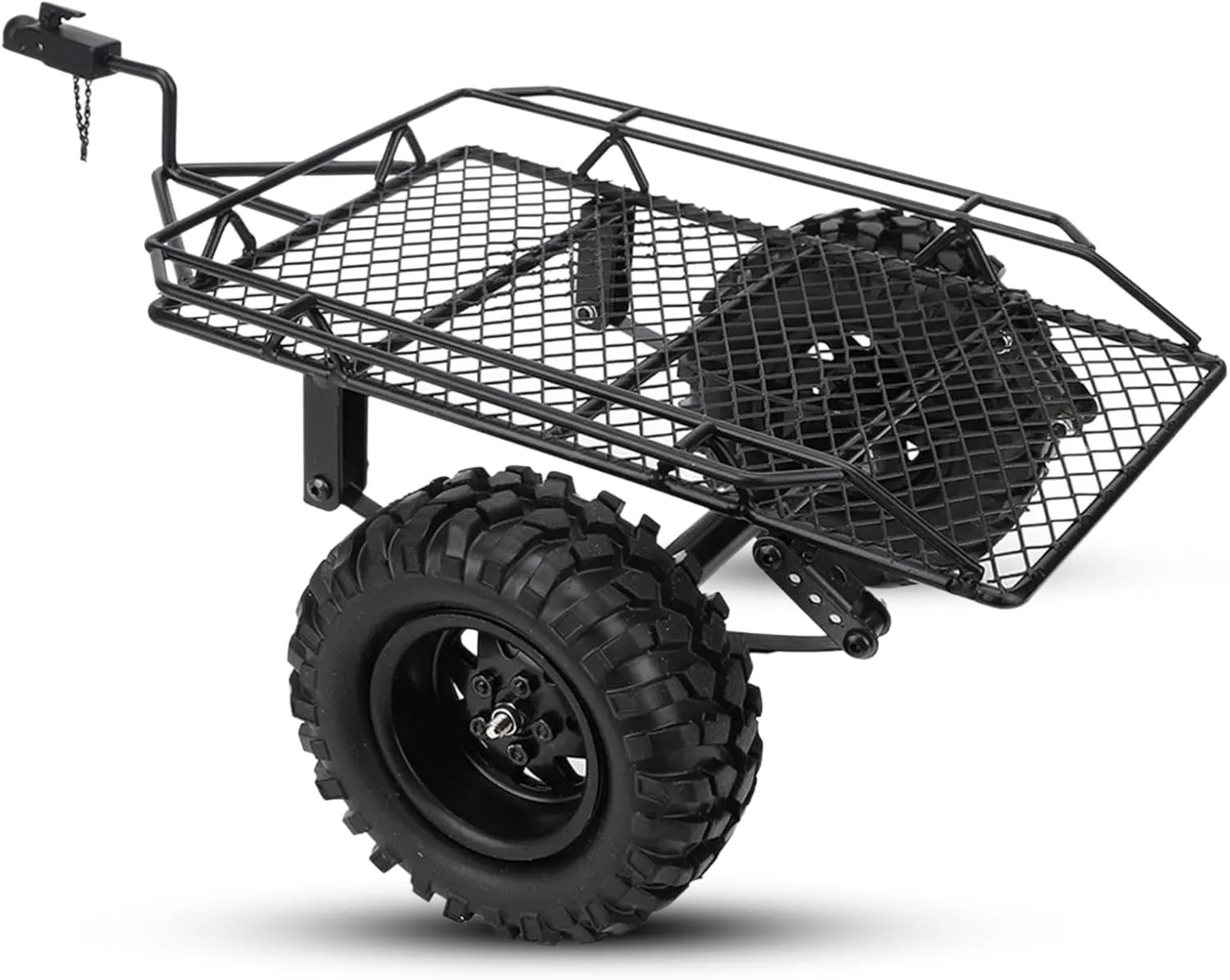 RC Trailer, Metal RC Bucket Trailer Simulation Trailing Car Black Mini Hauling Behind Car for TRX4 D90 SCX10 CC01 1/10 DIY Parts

══════════════════════════════

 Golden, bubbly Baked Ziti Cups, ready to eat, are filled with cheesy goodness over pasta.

══════════════════════════════

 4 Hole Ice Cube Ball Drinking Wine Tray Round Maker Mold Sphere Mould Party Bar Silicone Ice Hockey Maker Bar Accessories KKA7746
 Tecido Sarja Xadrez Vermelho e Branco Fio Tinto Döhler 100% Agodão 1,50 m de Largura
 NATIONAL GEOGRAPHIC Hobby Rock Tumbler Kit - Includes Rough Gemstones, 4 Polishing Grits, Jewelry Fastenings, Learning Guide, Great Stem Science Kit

══════════════════════════════

(WORK ITEM)
Please transcribe exactly the lines above from the line that has "Tecido Sarja Xadrez" up to and including the line that has "NATIONAL GEOGRAPHIC Hobby"; no other line belongs in the answer.

(WRITTEN REPLY)
 Tecido Sarja Xadrez Vermelho e Branco Fio Tinto Döhler 100% Agodão 1,50 m de Largura
 NATIONAL GEOGRAPHIC Hobby Rock Tumbler Kit - Includes Rough Gemstones, 4 Polishing Grits, Jewelry Fastenings, Learning Guide, Great Stem Science Kit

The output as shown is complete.